Technology has altered everything about our lives, from how we wake in the morning to how we get ready for bed. And in the process of this massive shift, it’s also radically changed our ideas of how business should be done.
“Only the most purblind reactionary could deny that, thanks to rising public expectation and the march of technology, standards of service have risen in the last ten years to the extent that people will now no longer wait for anything, will no longer stand around while your business solves problems that are entirely of its own making and increasingly expect that the service they buy will have been in some way customised to suit them,” writes publishing industry analyst David Hepworth in InPublishing.

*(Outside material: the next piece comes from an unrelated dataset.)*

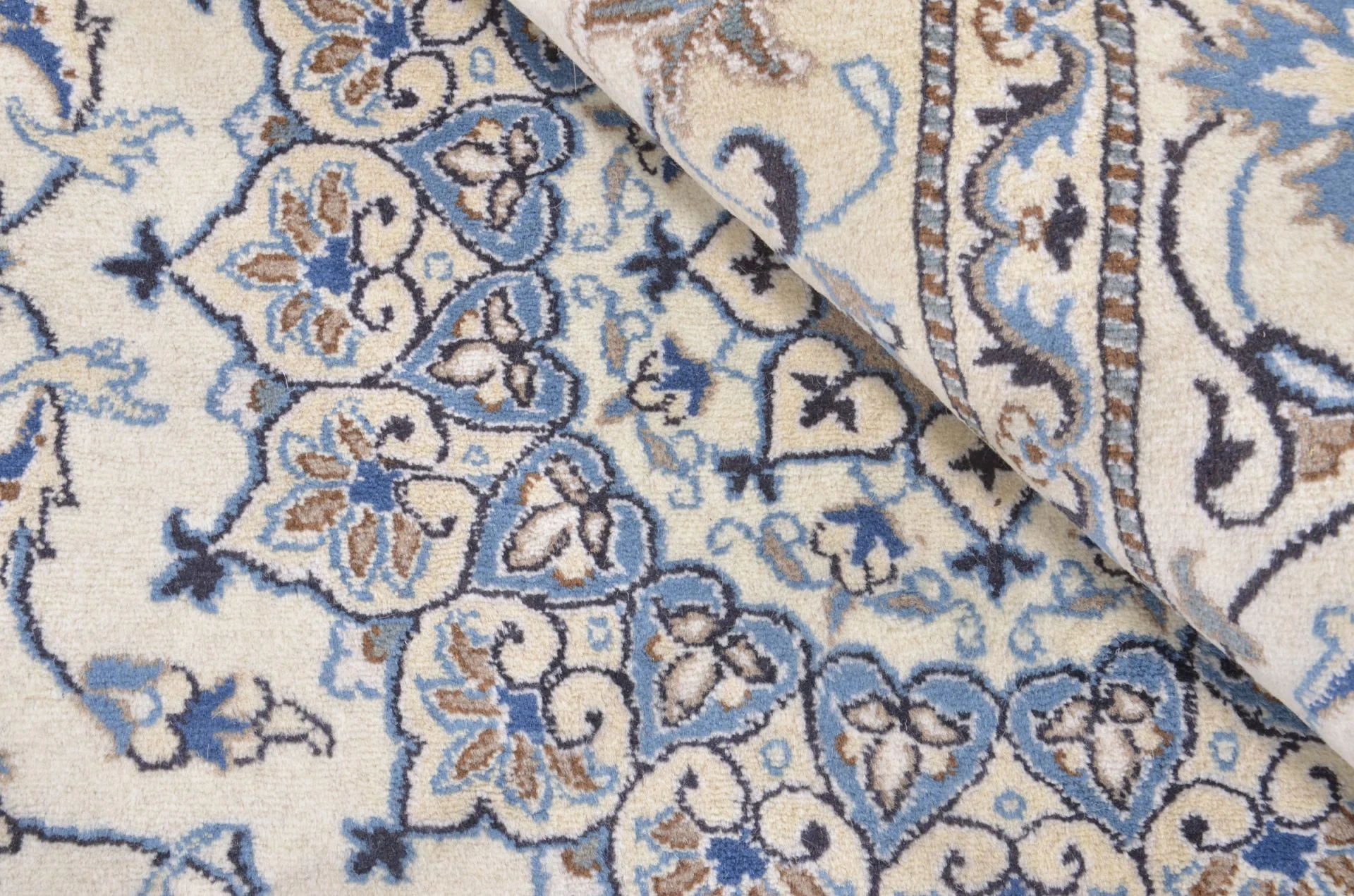 Nain Perserteppich aus Iran, 194 × 288 cm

According to Hepworth, the publishing industry has been a dark, quiet spot in this revolution.
“What has this got to do with the publishing business? Very little – and that’s the problem,” Hepworth continues.
“If you look at all the different ways that consumer behaviour has been revolutionised in the last ten years, from the huge things like Spotify and the BBC iPlayer, from the behavioural revolutions old soldiers like me never thought we’d live to see such as the ban on smoking in pubs or the acceptance of gay marriage, all the way down to the tiny gismos that sit inside the computer that we all carry in our pockets that counts our steps, allows us to scan a bar code and look for a cheaper offer, I’m hard pressed to think of one which arose from any arm of the publishing industry,” he chastises.
“In the last ten years, TV has changed out of all recognition. Radio has radically re-engineered its cost base. Even the cinema is doing things in a way it would never have dreamed of doing things in the recent past. Next to that, most magazine and newspaper media is back in the dark ages, and not in a good way at all.
His suggestion? Do away with the beloved idea of “creativity” in favor on “ingenuity.”
“I was talking this over with a colleague who said, the problem is that this only happens when somebody from the outside comes along and looks at how the business could be done in a radically different way and disrupts that business from the outside,” Hepworth explains.
“They Uber-ize it. They re-tool the business from the point of view of the customer, which forces the people running the business to radically alter how they do things. To make an Uber-type change, you must have a clear idea of what people want – in that case cheaper rides – and then be prepared to sacrifice everything else to bring that about. Then you have to bring it to them in such a way that they find simple and, yes, ingenious.”
As publishers continue to define how they fit into a digital world, this idea has serious merit. Creativity is one thing, and good magazines will always need that. But ingenuity…now that’s another thing altogether.